Outras empresas poderão não o fazer. Conheci empresas (especialmente americanas) que preferiam colocar qualquer investimento acima de um determinado valor (por exemplo, 200 mil dólares) na categoria de "investimentos", mesmo quando destinado a I&D. Isso automaticamente baixa o valor investido em I&D. Se a Tesla usar esta prática (e creio que a usa, olhando para o seu orçamento de I&D - baixíssimo), isto ajuda a explicar a sua diferença para a VW. Algumas outras empresas fazem outsourcing da investigação, decidindo quais as áreas interessantes e escolhendo parceiros. Isso transfere o investimento em I&D, que é indirecto, para categorias como "parcerias" ou "serviços".
Por outro lado, o investimento da VW em I&D é de 11,6% das suas receitas (12.3 mil milhões a dividir por 105,651 mil milhões), enquanto que o da Tesla é de 17,7%. O da Apple, no entanto, é de apenas 3,5%, o que pode ser resultado de receitas elevadíssimas ou de outras práticas de contabilidade financeira.

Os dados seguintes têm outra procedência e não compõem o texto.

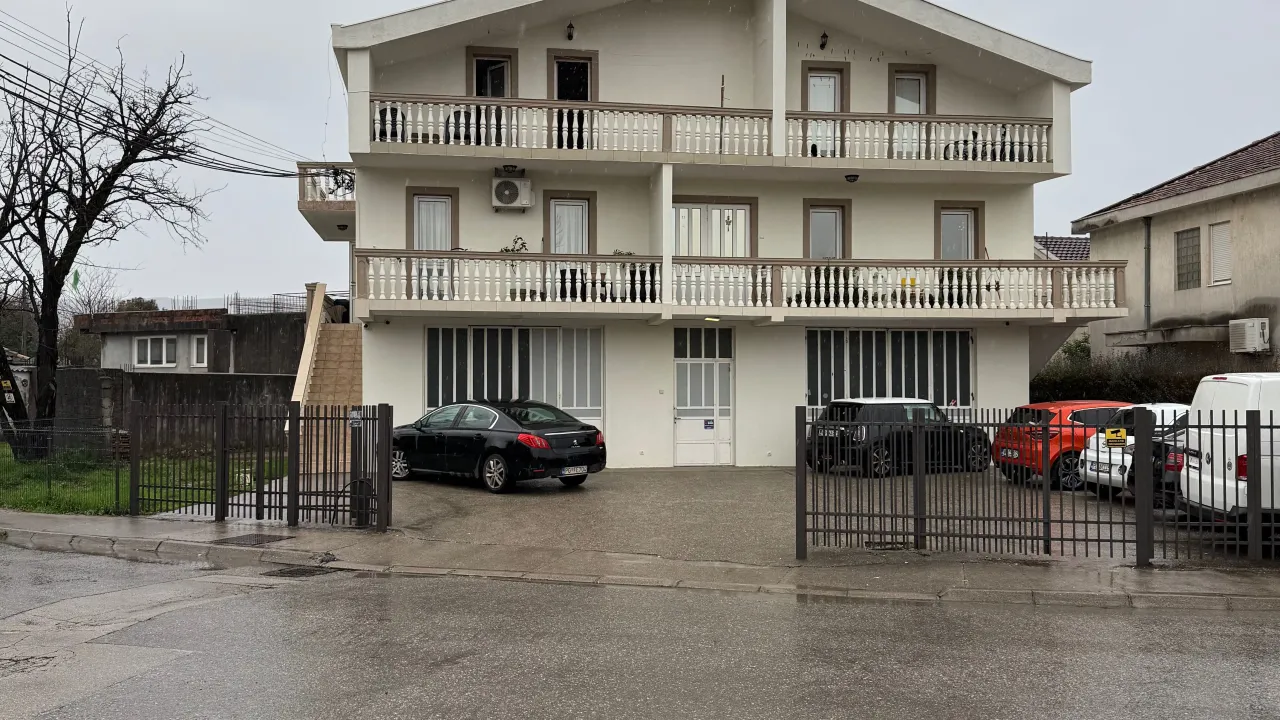 Izdavanje, trosoban stan, 65m², Zagorič, Podgorica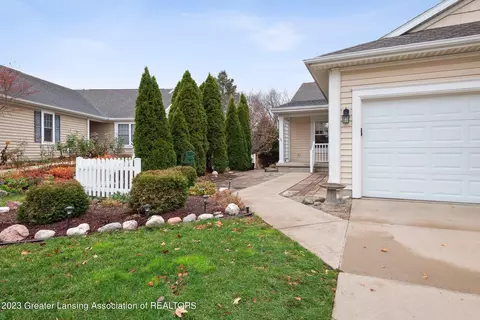 4176 Hamlet Cv #15, Bath, MI 48808 photo 3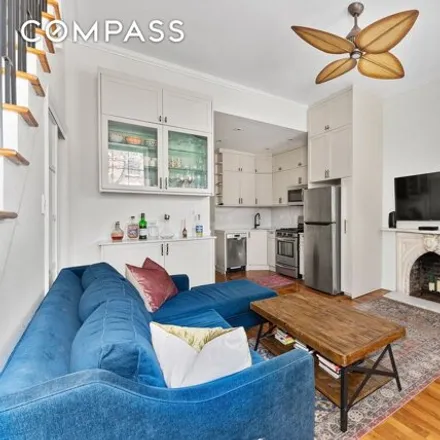 Image 3 - 499 Clinton Street, New York, NY 11231, USA - Apartment for sale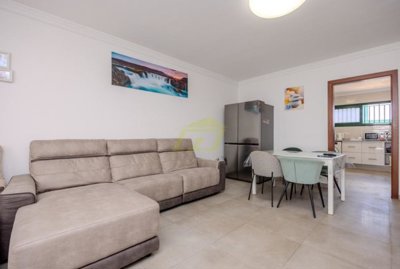 Furnished duplex near schools, shops, and sports facilities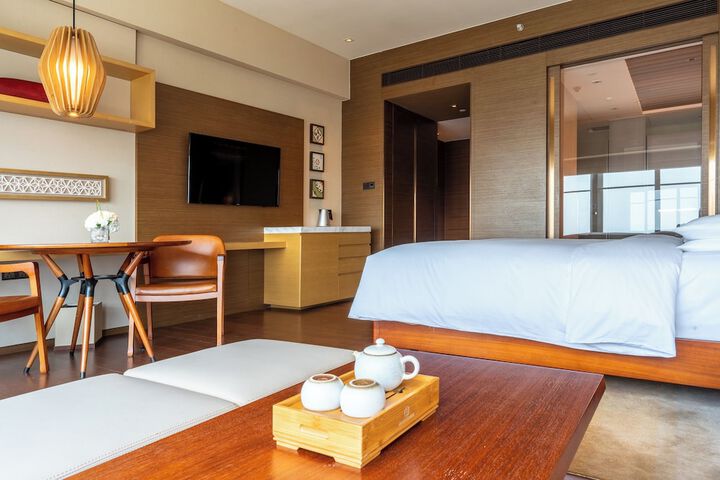 Room 18 of 48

Eu não concluo nada de diferente de todos os gurus que decidem que não existe relação entre orçamento de I&D e inovação (por outro lado não sou nenhum guru nem aspiro a sê-lo). Só que olho para os valores de forma crítica. A VW ou a Microsoft são empresas líderes nas suas indústrias e que têm sabido reinventar-se constantemente, mesmo quando enfrentam revezes graves. Uma Tesla já poderá ser muito inovadora, mas não sei se existirá daqui por 10 anos (prevê ter quase todos os seus lucros para lá de 2020).
Quando se tenta avaliar inovação, convém, antes de tudo, olhar para tendências históricas e descobrir aquilo que foi feito de forma correcta no passado e tentar adaptar tais lições ao presente. A gestão eficaz não muda só porque a tecnologia muda. No entanto, para quem quer vender um livro, o mais importante são os próximos 50 minutos mais 10 minutos para perguntas.